[MATERIAL PROVIDED]
====================
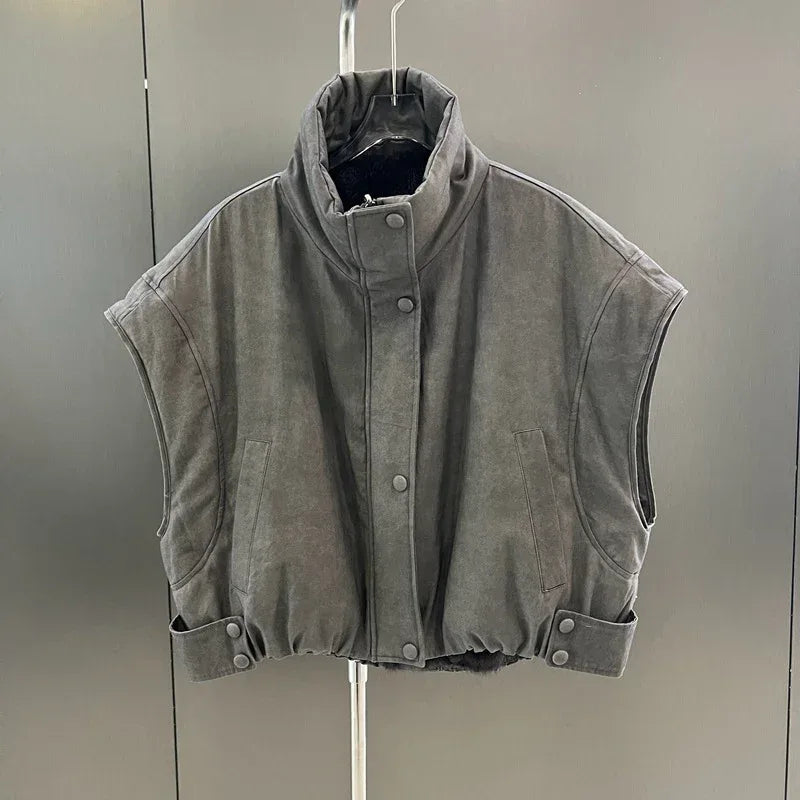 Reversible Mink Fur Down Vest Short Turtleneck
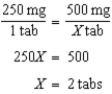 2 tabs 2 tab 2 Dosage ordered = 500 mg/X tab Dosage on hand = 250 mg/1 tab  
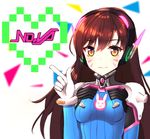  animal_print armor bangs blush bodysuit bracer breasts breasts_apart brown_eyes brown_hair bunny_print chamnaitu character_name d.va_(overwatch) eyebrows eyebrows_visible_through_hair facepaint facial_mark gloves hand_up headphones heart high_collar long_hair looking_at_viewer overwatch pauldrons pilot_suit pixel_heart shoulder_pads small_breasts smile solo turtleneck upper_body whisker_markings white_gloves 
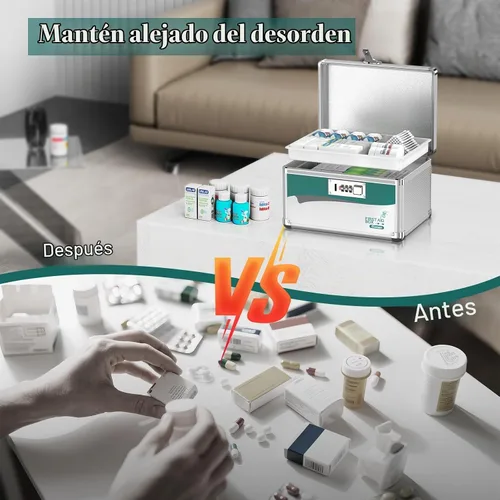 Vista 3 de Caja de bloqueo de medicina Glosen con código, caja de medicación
====================
[WORK ITEM] Write out exactly the lines running from the one with "2 tabs 2 tab" through the end of the material, both ends included, while leaving the pictures out.

[WRITTEN RESPONSE]
 2 tabs 2 tab 2 Dosage ordered = 500 mg/X tab Dosage on hand = 250 mg/1 tab  
  animal_print armor bangs blush bodysuit bracer breasts breasts_apart brown_eyes brown_hair bunny_print chamnaitu character_name d.va_(overwatch) eyebrows eyebrows_visible_through_hair facepaint facial_mark gloves hand_up headphones heart high_collar long_hair looking_at_viewer overwatch pauldrons pilot_suit pixel_heart shoulder_pads small_breasts smile solo turtleneck upper_body whisker_markings white_gloves 
 Vista 3 de Caja de bloqueo de medicina Glosen con código, caja de medicación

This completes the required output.